Several prominent businessmen are among those who have been
arrested in the days since Saudi authorities launched the crackdown on
Saturday, by detaining more than 60 princes, officials and other prominent
Saudis, according to those people and others.
The country’s central bank, the Saudi Arabian Monetary
Authority, said late Tuesday that it has frozen the bank accounts of “persons
of interest” and said the move is “in response to the Attorney General’s
request pending the legal cases against them.”
The purge is the most extensive of the kingdom’s elite in
recent history. Crown Prince Mohammed bin Salman, the son of King Salman, was
named heir to the throne in June and has moved to consolidate power. He has
said that tackling corruption at the highest level is necessary to overhaul
what has long been an oil-dependent economy.

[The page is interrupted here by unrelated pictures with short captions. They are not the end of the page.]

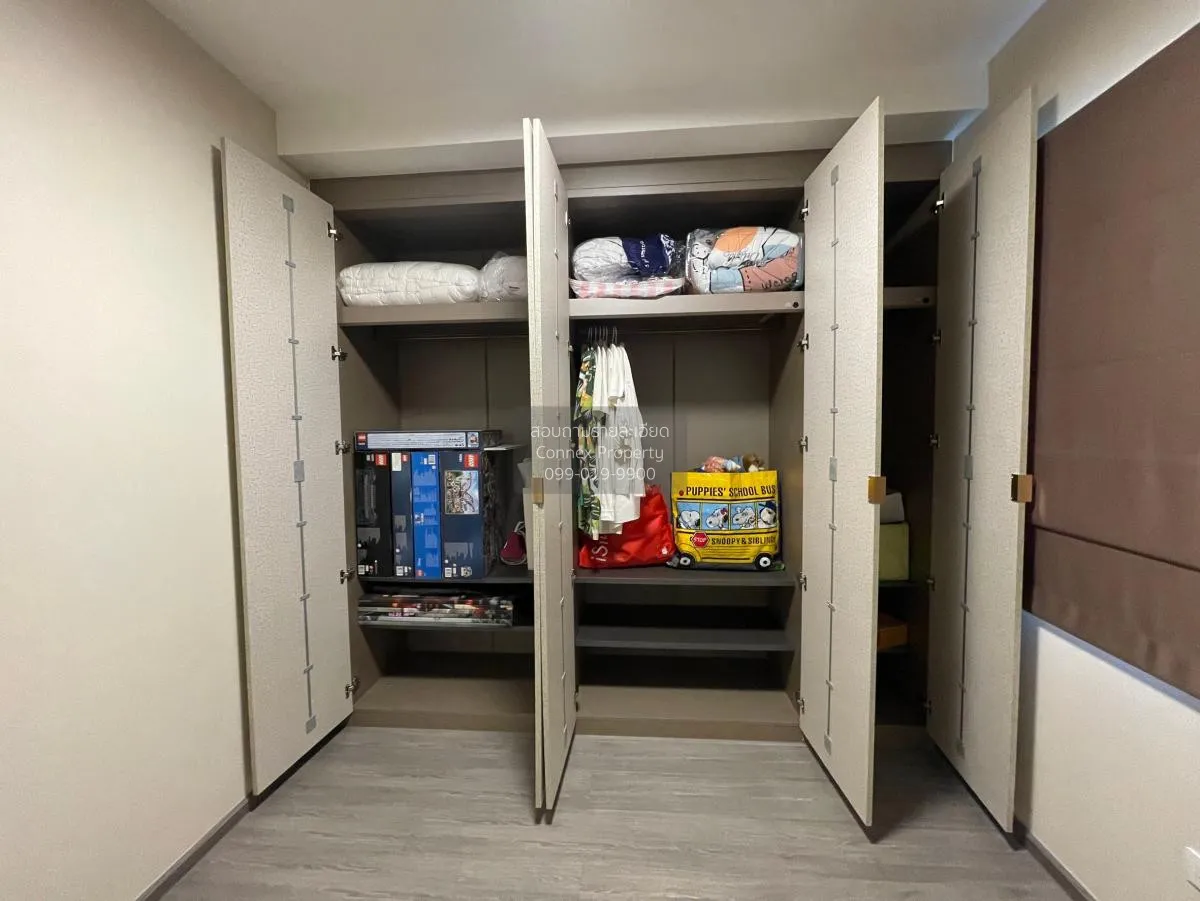 ขายบ้าน  อินนิซิโอ 3 ปิ่นเกล้า-วงแหวน ศาลากลาง บางกรวย นนทบุรี CX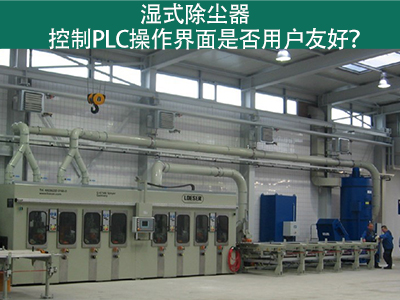 湿式除尘器的控制PLC操作界面：用户友好的关键
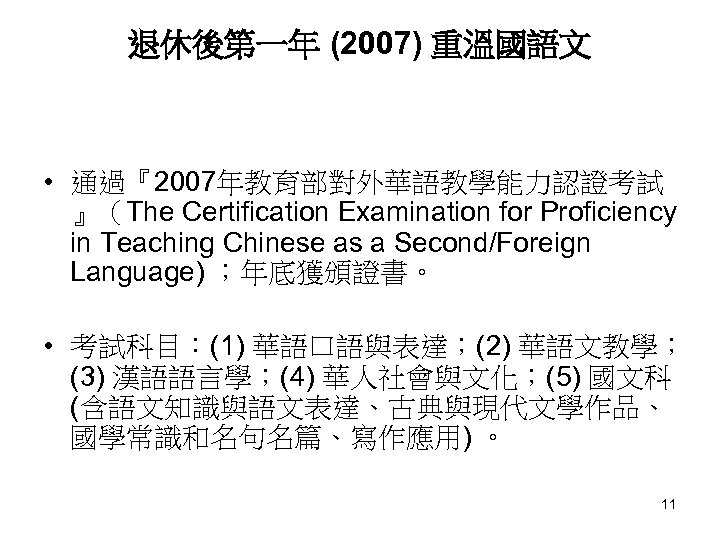 退休後第一年 (2007) 重溫國語文 • 通過『2007年教育部對外華語教學能力認證考試 』（The Certification Examination for Proficiency in Teaching Chinese as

The crackdown could also help replenish state coffers. The
government has said that assets accumulated through corruption will become
state property, and people familiar with the matter say the government
estimates the value of assets it can reclaim at up to 3 trillion Saudi riyal,
or $800 billion.
“They reckon that they could get around 2 to 3 trillion
riyals from these people. That’s the number they are talking about,” said a
person close to the government.
Much of that money is abroad, which will complicate efforts
to reclaim it, people familiar with the matter said. But even a portion of that
amount could help Saudi Arabia’s finances. A prolonged period of low oil prices
forced the government to borrow money on the international bond market and to
draw extensively from the country’s foreign reserves, which dropped from $730
billion at their peak in 2014 to $487.6 billion in August, the latest available
government data.
The arrests were ordered by a newly established
anticorruption agency headed by Prince Mohammed.